---- Dataset excerpt

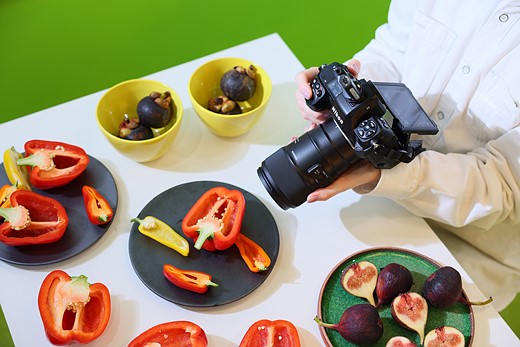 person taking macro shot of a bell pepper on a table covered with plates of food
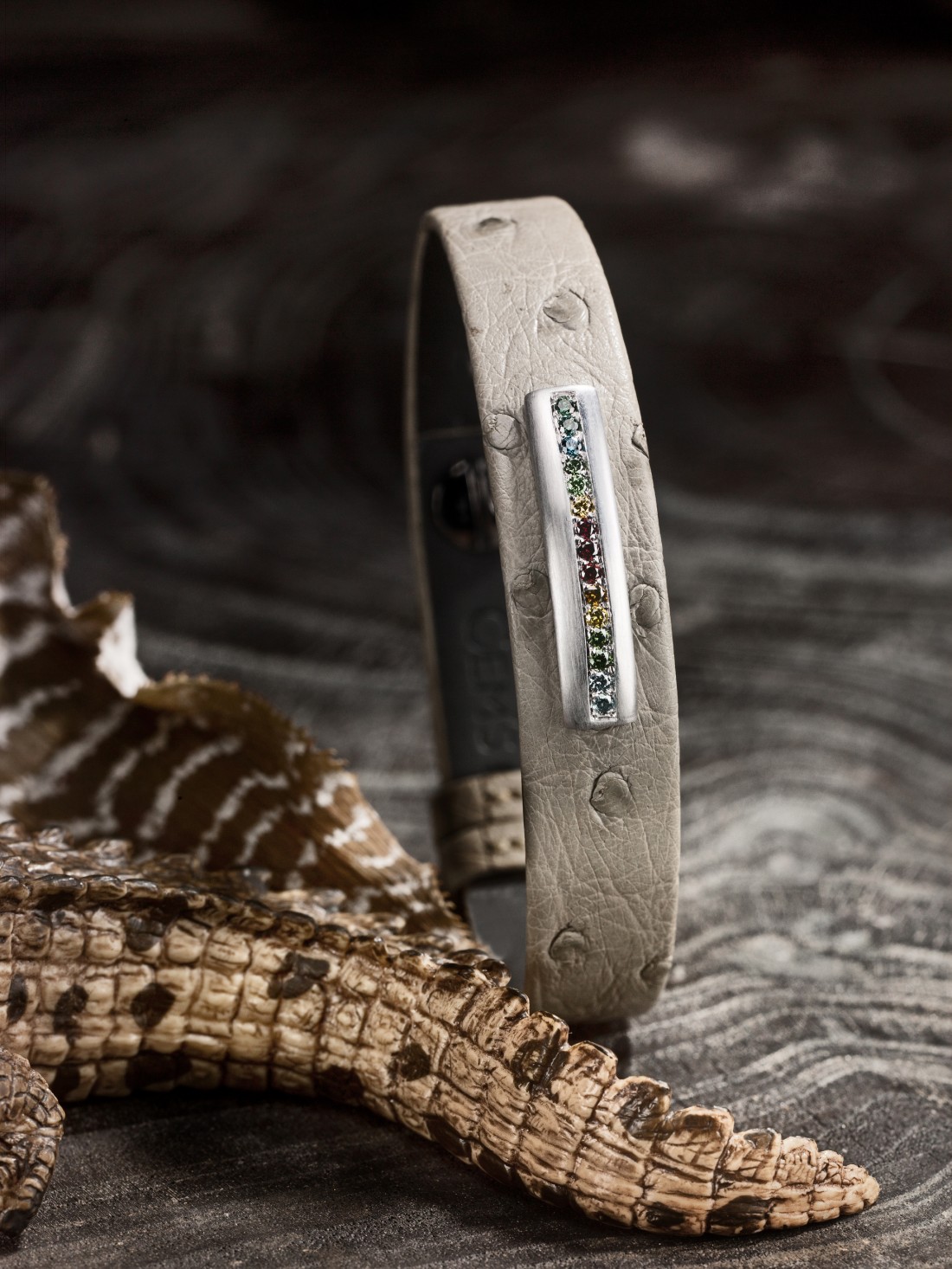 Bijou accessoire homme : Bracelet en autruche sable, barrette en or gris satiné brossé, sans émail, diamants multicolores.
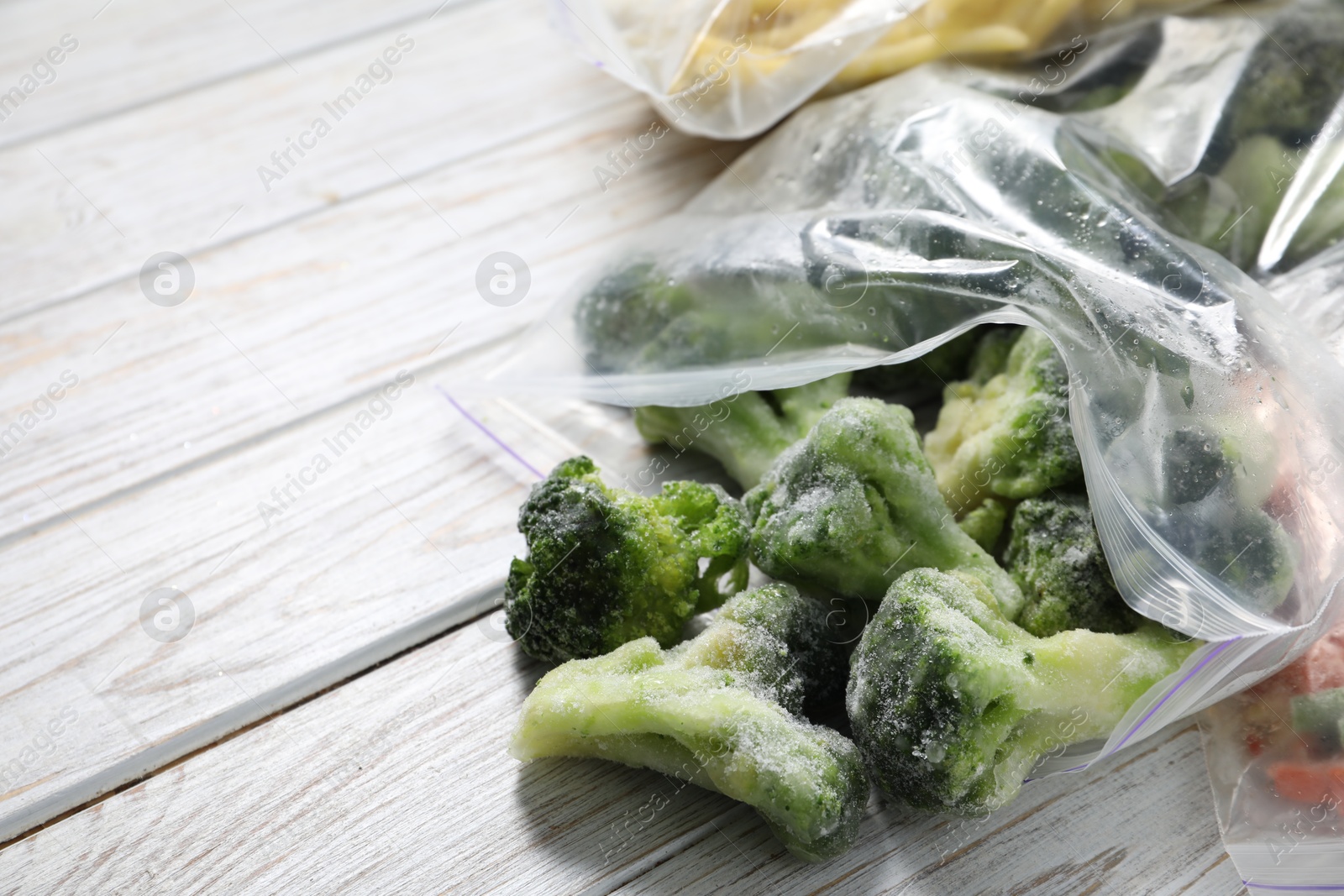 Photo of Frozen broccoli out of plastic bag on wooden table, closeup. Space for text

--------

From the line containing "Bijou accessoire homme" to the last line of the listing above, transcribe each line exactly, skipping the pictures.

 Bijou accessoire homme : Bracelet en autruche sable, barrette en or gris satiné brossé, sans émail, diamants multicolores.
 Photo of Frozen broccoli out of plastic bag on wooden table, closeup. Space for text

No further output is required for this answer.